Getting caught with someone else's credit card can really delay your checkout time. "They saw my husband hand me a card and wouldn't let me use it," another shopper wrote, "so I had to wait at the check out while he went to get my wallet out of the car so I could use the exact same card in my name instead."

Customers may fume about this "frustrating" rule, but Costco probably has a good reason for its strict members-only payment policy. "If you use someone else's card you can dispute the charge as you could say it wasn't you making the purchase," one Redditor suggested, adding, "corporate is very strict with preventing illegal chargebacks from happening."
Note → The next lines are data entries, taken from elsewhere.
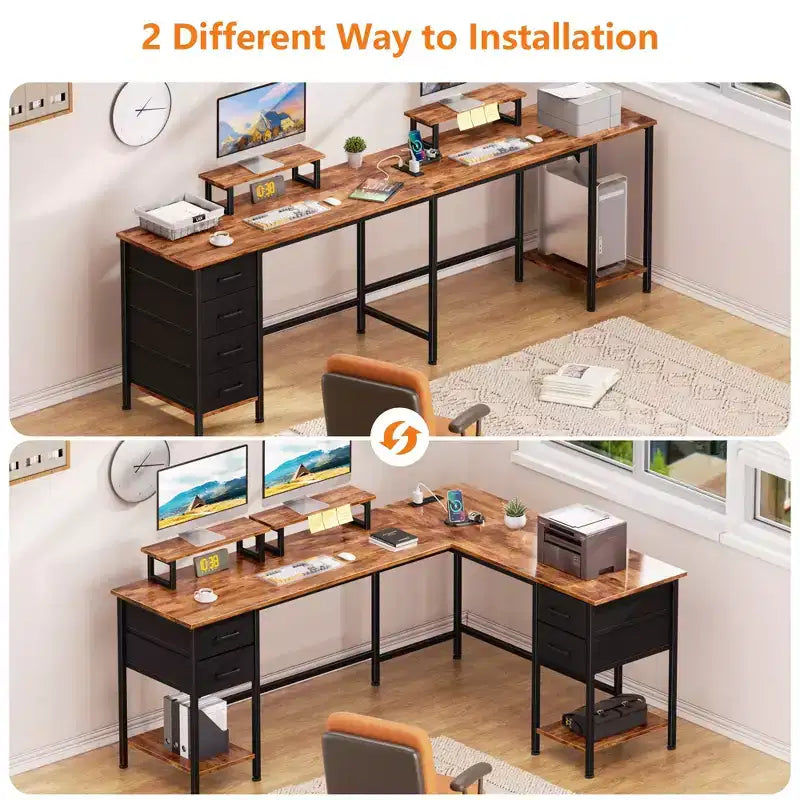Bureau d'ordinateur en forme de L brun de 66 pouces avec station de charge, bureau de jeu de 94,4 pouces de long pour deux personnes, 4 tiroirs, 2 supports d'écran, rangement pour bureau à domicile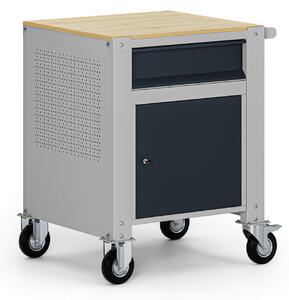 Mobilny kontener G9, 1 szafka, 1 szuflada, 675 x 595 x 865-1130 mm, szary/grafitowy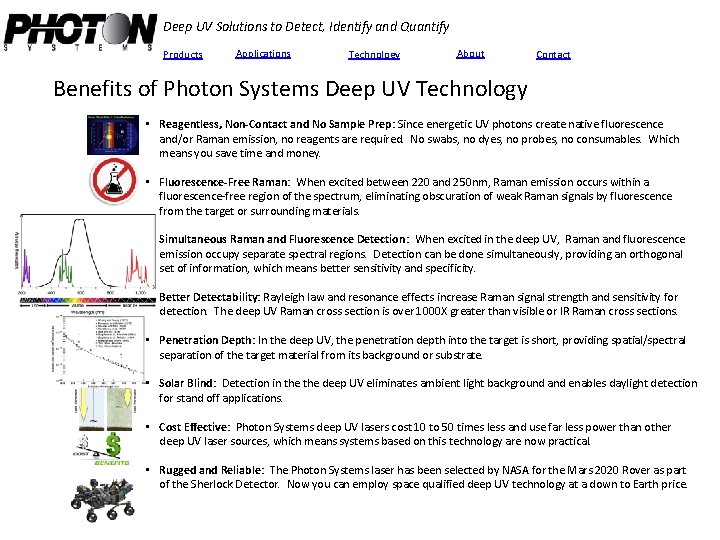 Deep UV Solutions to Detect, Identify and Quantify Products Applications Technology About Contact Benefits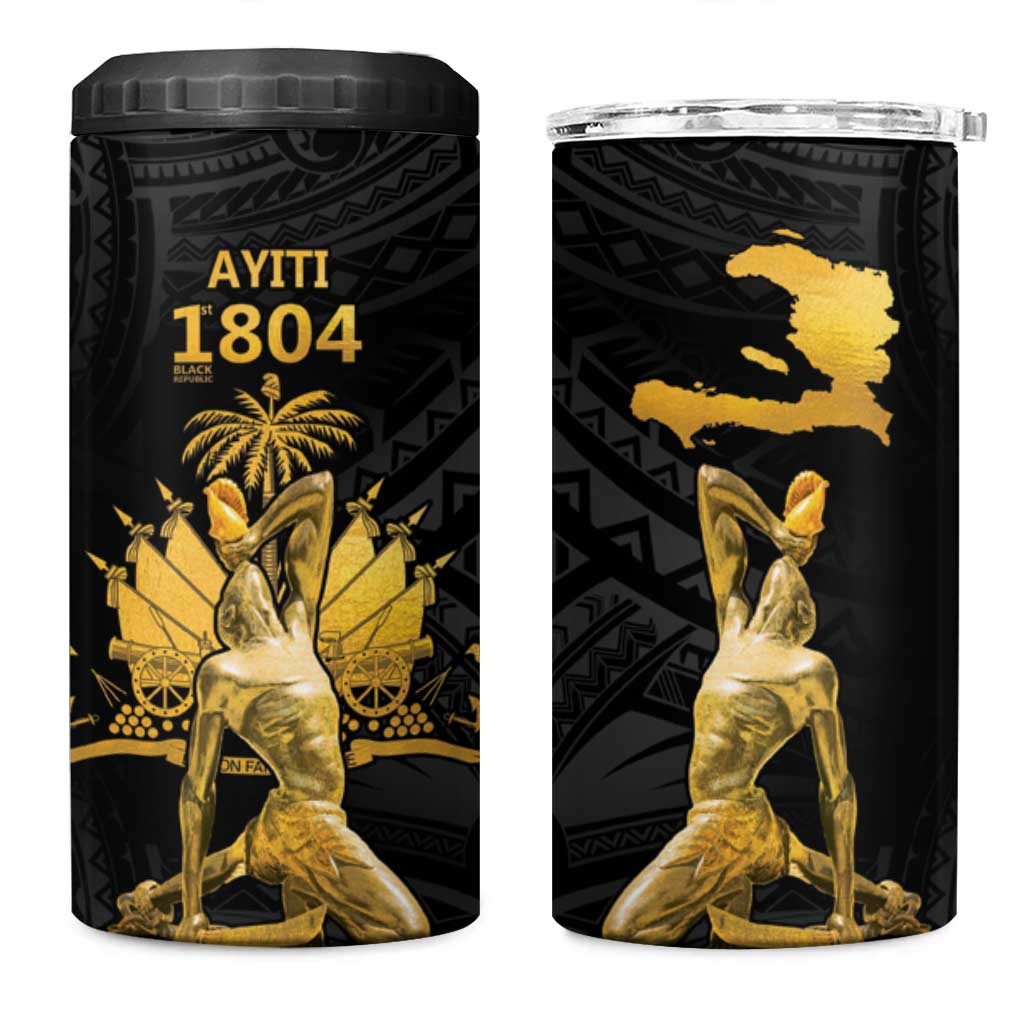 Haitian Negre Marron 1804 4 in 1 Can Cooler Tumbler Black Polynesian Pattern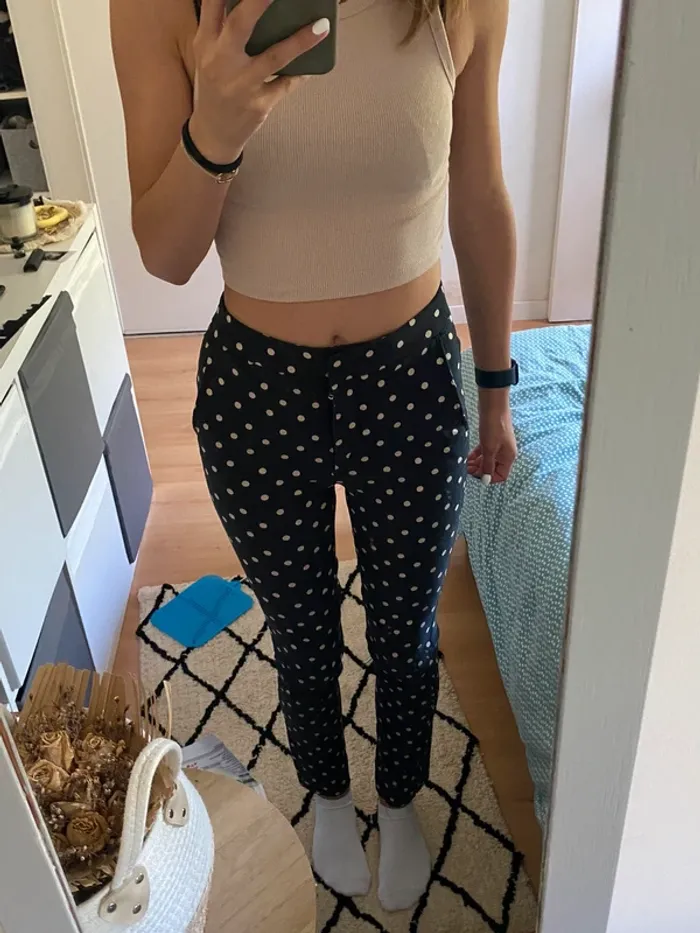 Pantalon slim à pois - Mango - photo numéro 2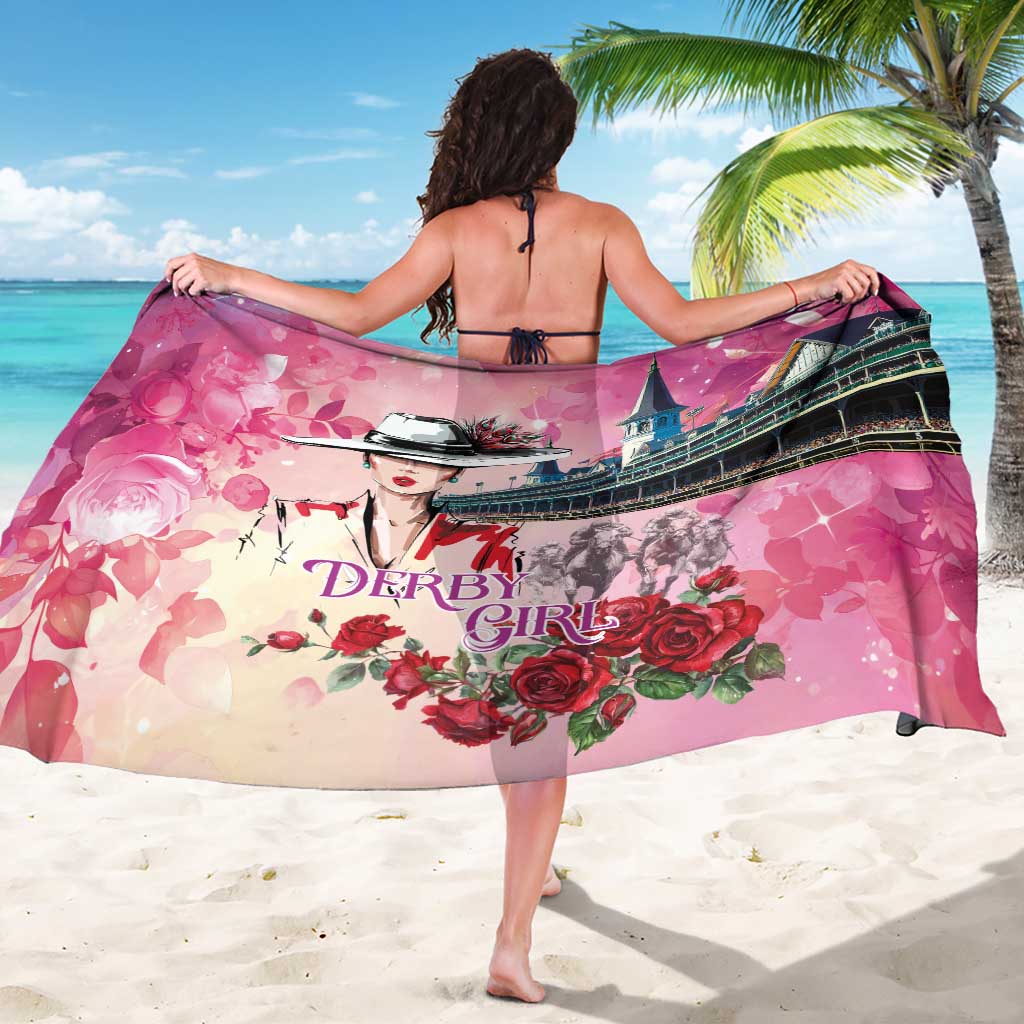 Kentucky Horses Racing Sarong Churchill Downs Derby Girl Watercolor Style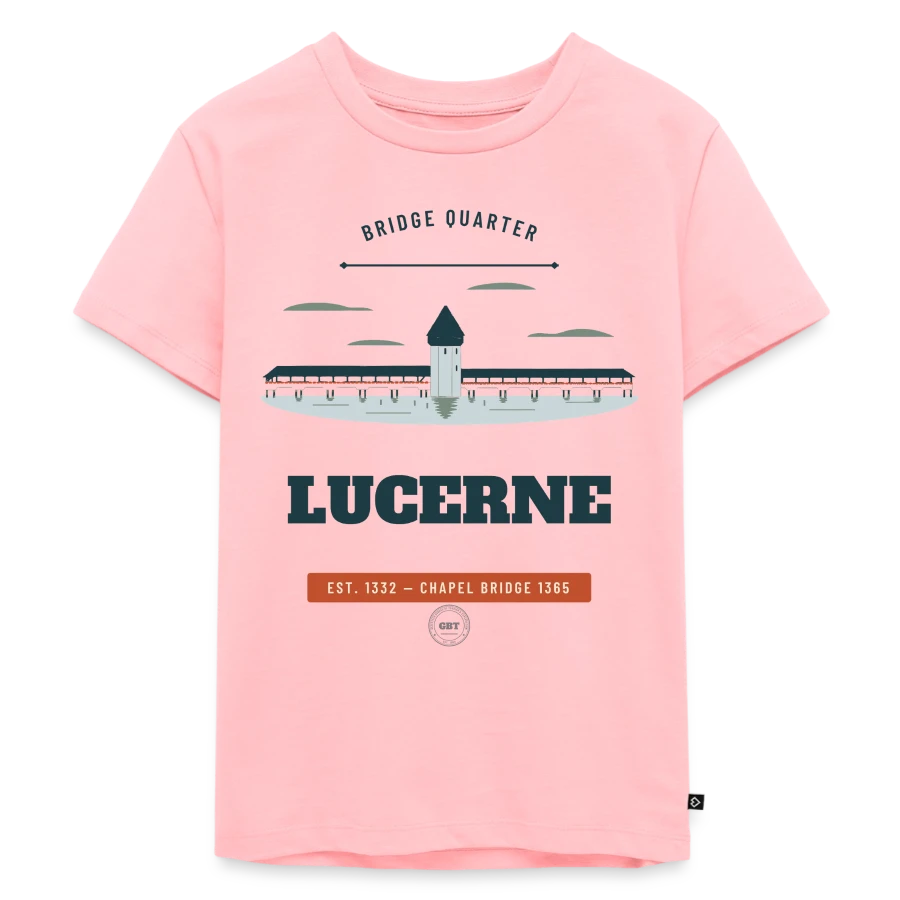 Lucerne badge on a kids premium organic t-shirt, rose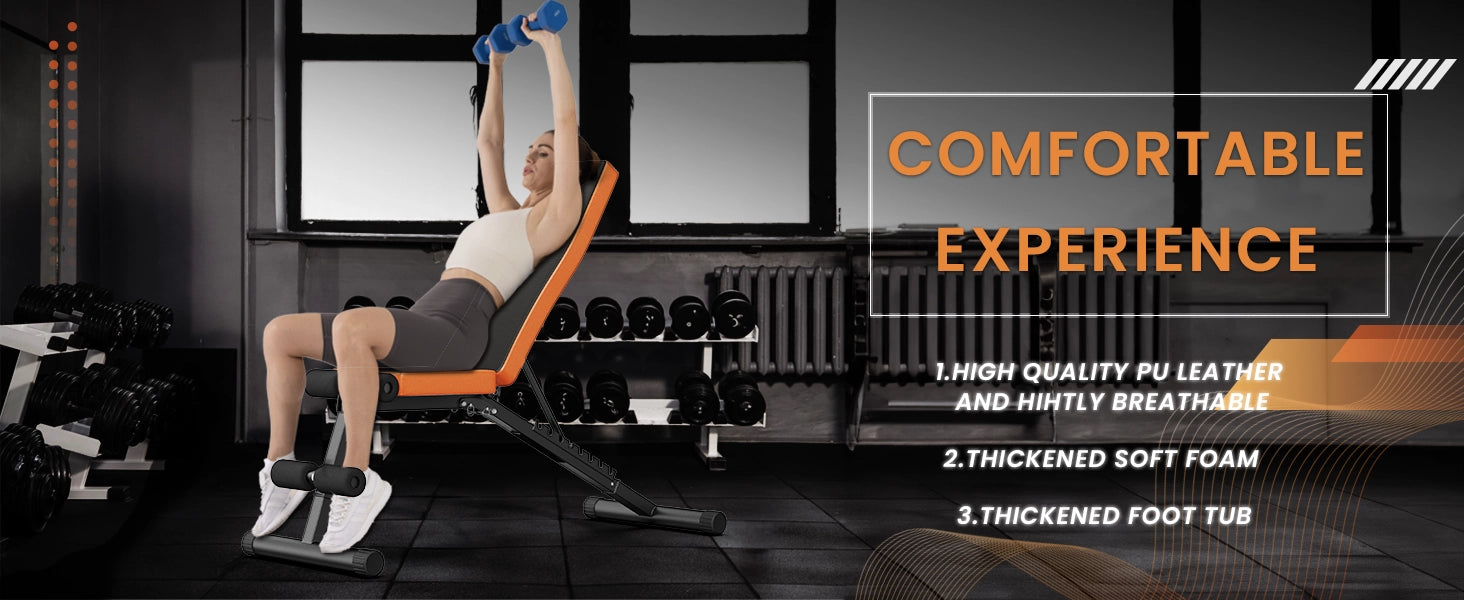 Vrouw die oefeningen doet op een fitnessbank met fitnessapparatuur op de achtergrond.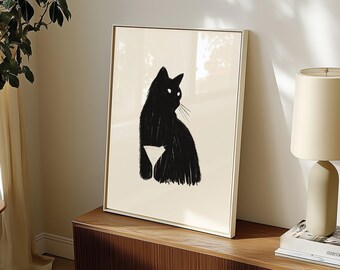 Martini Black Cat Art Print, Negative Space Drawing, Bar Cart Decor, Tuxedo Cat Lover Gift, Cocktail Wall Art, Minimalist Poster
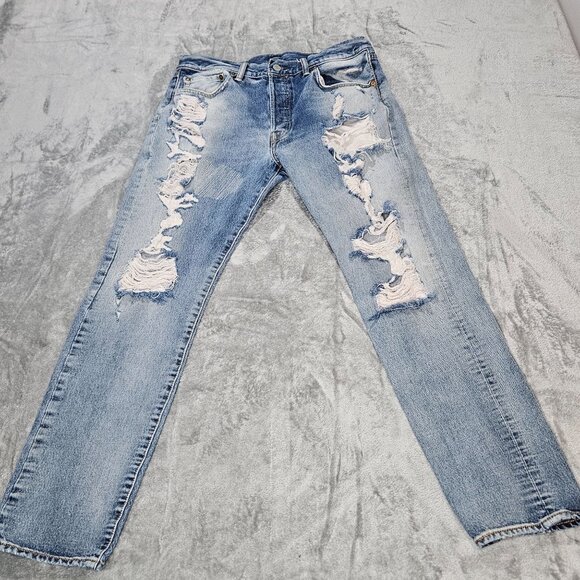 Levis 501 CT Jeans 34X32 Taper Fit Distressed Button Fly Denim READ - Picture 3 of 11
Don't abuse the famously lenient return policy

Costco membership

Costco has perhaps the most laid-back return policy of any major retailer, leading to some incredible stories about all the stuff that shoppers have brought back over the years. But it seems even this legendarily accepting club has its limits. The rules say that your "membership may be terminated at Costco's discretion and without cause" and going overboard at the returns desk might just cross that line.

One shopper told Business Insider that Costco revoked her membership in 2018 after she tried to return a printer eight years after purchase, prompting a manager to look up her past returns. Turns out, there were many. She later received a formal termination letter, which stated: "It is apparent from a review of your membership account that you are not happy with the products you have purchased from Costco, and we are unable to satisfy you as a member." The club reportedly refunded her for the printer, its ink, and her yearly membership fee, but she won't be coming back again.